***** Input data

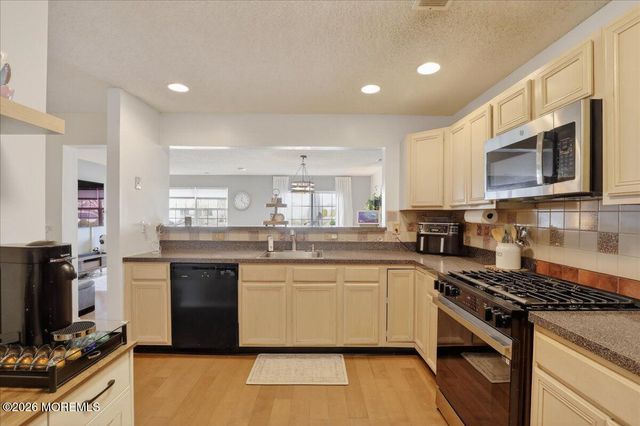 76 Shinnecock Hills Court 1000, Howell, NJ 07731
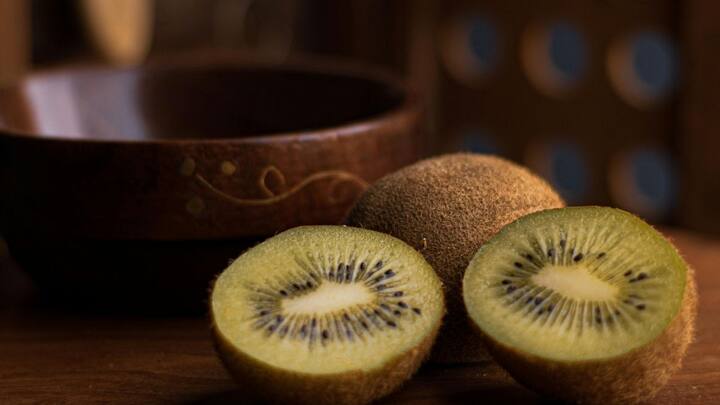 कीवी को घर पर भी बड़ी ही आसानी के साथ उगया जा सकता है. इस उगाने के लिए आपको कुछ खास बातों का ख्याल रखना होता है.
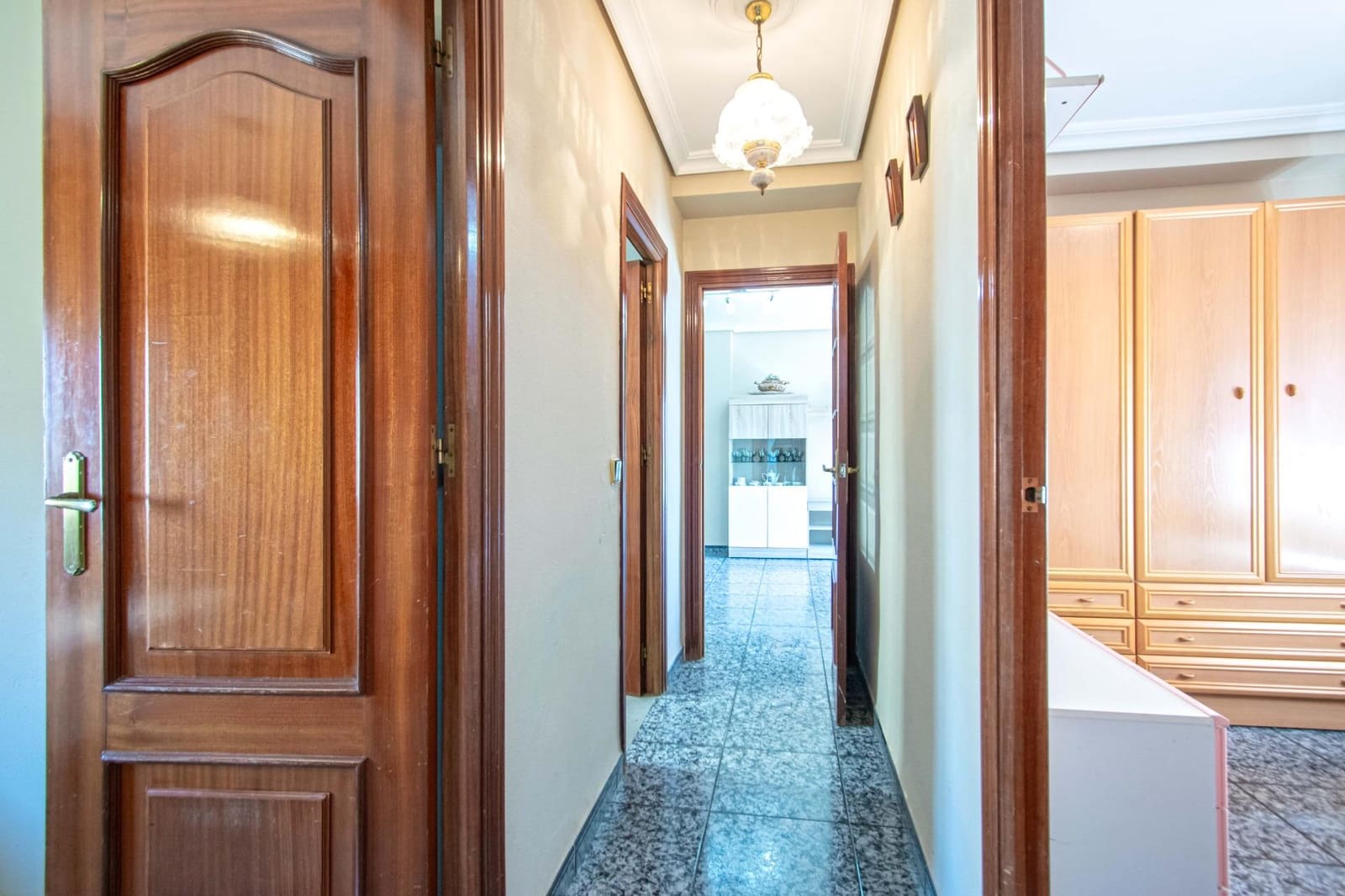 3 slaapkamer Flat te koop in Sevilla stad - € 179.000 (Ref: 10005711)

**********

- [Exercise brief]
Retype the whole listing exactly. Do not include the pictures.

- [Your solution]
 76 Shinnecock Hills Court 1000, Howell, NJ 07731
 कीवी को घर पर भी बड़ी ही आसानी के साथ उगया जा सकता है. इस उगाने के लिए आपको कुछ खास बातों का ख्याल रखना होता है.
 3 slaapkamer Flat te koop in Sevilla stad - € 179.000 (Ref: 10005711)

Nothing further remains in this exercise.